‘Hoopla Train’ performs in Minneapolis ballrooms
Before there was Facebook to unite us for (virtual) fellowship and (remote) conversation, we had ballrooms.
“Hoopla Train” toured the state’s ballrooms in 2015, and it is coming to the three Twin Cities ballrooms over the next few weeks with a format – music, dancing, variety sketches, and a talent show – designed to encourage people to put down social messaging and get to polka-ing.
“Hoopla Train” will take place Thursdays through Saturdays through Oct. 15 at 7:30 p.m.; and Sundays at 2 p.m. at Minneapolis Eagles FOE #34, 2507 E. 25th Street in Minneapolis; Rushford Hall, 2223 Central Ave. NE in Minneapolis; Czech and Slovak Sokol Minnesota, 383 W. Michigan Street in St. Paul. Tickets are $10 to $20 and may be purchased at sodhousetheater.org.
“The kernel for the show was that Sodhouse Theater, which Darcy Engen and Luverne Seifert run, got a grant to tour historic ballrooms in Minnesota. They approached me to see if I was willing to collaborate to create something we could bring to these ballrooms,” explained Ivey Award-winner Jim Lichtscheidl, who wrote the rough script (there’s lots of improvisation), directed, and plays the man who presides over “Hoopla Train” with preternatural calm, Yardmaster Yip.
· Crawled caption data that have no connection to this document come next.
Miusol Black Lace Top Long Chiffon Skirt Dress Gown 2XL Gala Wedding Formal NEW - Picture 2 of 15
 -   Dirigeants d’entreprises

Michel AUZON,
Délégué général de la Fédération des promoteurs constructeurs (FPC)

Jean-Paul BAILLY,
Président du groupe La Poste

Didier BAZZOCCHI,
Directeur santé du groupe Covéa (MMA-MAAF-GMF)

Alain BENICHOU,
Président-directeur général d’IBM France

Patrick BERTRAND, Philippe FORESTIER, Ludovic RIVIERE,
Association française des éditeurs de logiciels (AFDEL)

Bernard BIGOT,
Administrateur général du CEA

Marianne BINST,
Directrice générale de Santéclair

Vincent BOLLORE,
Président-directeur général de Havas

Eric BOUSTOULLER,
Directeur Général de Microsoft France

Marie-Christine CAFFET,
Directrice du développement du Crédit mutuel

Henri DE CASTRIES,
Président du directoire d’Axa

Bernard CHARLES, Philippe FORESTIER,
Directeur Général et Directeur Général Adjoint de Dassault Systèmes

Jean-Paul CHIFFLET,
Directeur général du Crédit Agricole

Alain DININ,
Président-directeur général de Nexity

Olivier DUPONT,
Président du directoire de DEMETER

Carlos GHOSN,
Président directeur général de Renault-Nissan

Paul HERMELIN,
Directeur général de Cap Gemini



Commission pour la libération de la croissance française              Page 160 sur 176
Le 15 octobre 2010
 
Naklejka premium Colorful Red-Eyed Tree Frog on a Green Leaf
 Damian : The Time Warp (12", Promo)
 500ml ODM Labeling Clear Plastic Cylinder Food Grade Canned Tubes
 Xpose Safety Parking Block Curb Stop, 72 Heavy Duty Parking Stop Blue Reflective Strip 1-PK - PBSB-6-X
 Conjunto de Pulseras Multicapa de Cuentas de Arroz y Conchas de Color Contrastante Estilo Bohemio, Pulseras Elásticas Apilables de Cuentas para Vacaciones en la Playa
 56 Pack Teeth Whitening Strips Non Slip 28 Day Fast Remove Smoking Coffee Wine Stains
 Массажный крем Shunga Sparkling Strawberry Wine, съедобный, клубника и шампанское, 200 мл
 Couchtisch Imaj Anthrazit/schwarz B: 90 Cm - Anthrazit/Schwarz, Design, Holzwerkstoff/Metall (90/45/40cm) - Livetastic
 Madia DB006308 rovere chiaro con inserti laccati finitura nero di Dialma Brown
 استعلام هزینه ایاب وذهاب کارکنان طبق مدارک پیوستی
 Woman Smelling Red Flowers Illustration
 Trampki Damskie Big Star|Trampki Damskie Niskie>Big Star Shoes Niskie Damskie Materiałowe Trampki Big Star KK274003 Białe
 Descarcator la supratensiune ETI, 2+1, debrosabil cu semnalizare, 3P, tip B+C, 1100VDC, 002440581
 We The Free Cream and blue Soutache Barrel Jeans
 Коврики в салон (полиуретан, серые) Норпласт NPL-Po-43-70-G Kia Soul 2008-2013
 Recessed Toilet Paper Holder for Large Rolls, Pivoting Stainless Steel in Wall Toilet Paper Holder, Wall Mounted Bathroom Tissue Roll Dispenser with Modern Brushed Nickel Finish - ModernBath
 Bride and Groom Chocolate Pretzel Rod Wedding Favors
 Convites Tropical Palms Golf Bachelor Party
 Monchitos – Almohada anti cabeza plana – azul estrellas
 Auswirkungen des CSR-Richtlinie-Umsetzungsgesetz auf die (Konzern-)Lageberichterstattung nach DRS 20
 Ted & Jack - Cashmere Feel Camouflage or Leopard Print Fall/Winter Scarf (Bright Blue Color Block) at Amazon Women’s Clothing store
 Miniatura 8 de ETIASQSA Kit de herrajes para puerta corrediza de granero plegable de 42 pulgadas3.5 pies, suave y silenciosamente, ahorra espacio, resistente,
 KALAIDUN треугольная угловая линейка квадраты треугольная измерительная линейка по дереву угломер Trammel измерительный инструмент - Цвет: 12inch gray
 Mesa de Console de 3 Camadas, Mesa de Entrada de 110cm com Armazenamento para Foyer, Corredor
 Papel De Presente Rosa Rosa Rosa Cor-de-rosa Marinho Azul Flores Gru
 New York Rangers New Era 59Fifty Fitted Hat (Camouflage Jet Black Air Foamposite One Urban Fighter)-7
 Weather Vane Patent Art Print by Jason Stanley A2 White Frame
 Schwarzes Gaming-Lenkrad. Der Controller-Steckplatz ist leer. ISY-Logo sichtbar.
If you think “Hoopla Train” sounds a little like “Hee Haw” or “The Lawrence Welk Show,” you’re onto something.
“We aren’t making fun of those shows,” stated Lichtscheidl, noting that Welk’s touring show played some of the same ballrooms “Hoopla” has visited. “We wanted to have a sense of reality and, I guess you could say, a lot of heart in the piece.”
A big dose of both reality and heart comes courtesy of 90-year-old polka empresario Florian Chmielewski, whose Chmielewski Funtime Band performs with “Hoopla Train.”
“They got ahold of my daughter, Patty (who promotes and is in the Funtime band). They’re comedians and actors and they’re changing costumes, so there’s some free time in between. What they wanted us to do was to take the crowd along with us and entertain them with polkas and waltzes and old-time schottisches,” explained Chmielewski, who took a break from gardening to answer a few questions.
A former state senator, host of a musical show for 32 years in Duluth, 2015 inductee into the International Polka Association’s Hall of Fame, and recording artist with numerous CDs, Chmielewski said working with “Hoopla Train” has been a great fit.
“I like to get out on the floor, talk to people. That’s our purpose with the ‘Hoopla Train,’ to mix with the people, tell them about us, get them to dance,” stated the Sturgeon Lake native, a musician for 72 years. “The ‘Hoopla Train’ people are a bunch of nice folks to work with: pleasant, smart, good actors, and actresses. They treat us very well.”
Why wouldn’t they? Lichtscheidl says the Chmielewski Funtime Band has lots of great fans, many of whom have climbed aboard the “Hoopla Train.”
“A large portion of the audience is coming just to polka dance,” stated Lichtscheidl, who grew up in Lino Lakes. “We set out to create an environment that is fun and that makes people laugh and have a good time. We know it works by how much they dance, laugh, participate, and even hang around to talk to us after the show is over and the last polka is played.”
Part of the positive response, Lichtscheidl thinks, is because “Hoopla Train” offers a once-common experience that has become increasingly rare.
“I think it was Darcy who said ballrooms were the Facebook of their times. You would go to that ballroom in your town and see your neighbors and you could connect, once a week,” says Lichtscheidl. “I think people need that. Whether they know it consciously or not, they still desire to get together and have fun and share.”
That goes for the performers, too. Lichtscheidl recalls a “magical” evening when there was a blue moon while the troupe was performing in Rochester’s Blue Moon Ballroom, “We had a wonderful audience. I danced with a 90-year-old woman – I think her name was Pearl – and she schooled me in the two-step.”
Even if they’re not directing the performers’ footsteps, the audience is an important part of “Hoopla Train,” which the performers pronounce “HOOP!la Train.”
The show includes a talent contest. Although Lichtscheidl wasn’t sure if the amateur-hour idea would take, it did. Spotlighting singers, cloggers, and spoon-players has become a lively and surprising part of each show.
“One woman played a piece on a clarinet, and as she played, she began to dismantle it from the bottom up, until she was just playing the reed. That blew my mind,” recalls Lichtscheidl, who says the only restrictions on talent show entrants are that they must be family-friendly and less than five minutes long.
Minnesota’s most talented have ranged from schoolkids to nursing home residents, none of which surprises “100 percent Polish” Chmielewski. Even after seven decades of playing polka, country, and other music that could be described as old-timey, he is accustomed to not being the oldest person in the room.
“Just the other day, I played a guy’s birthday party,” says Chmielewski. “He was 97.”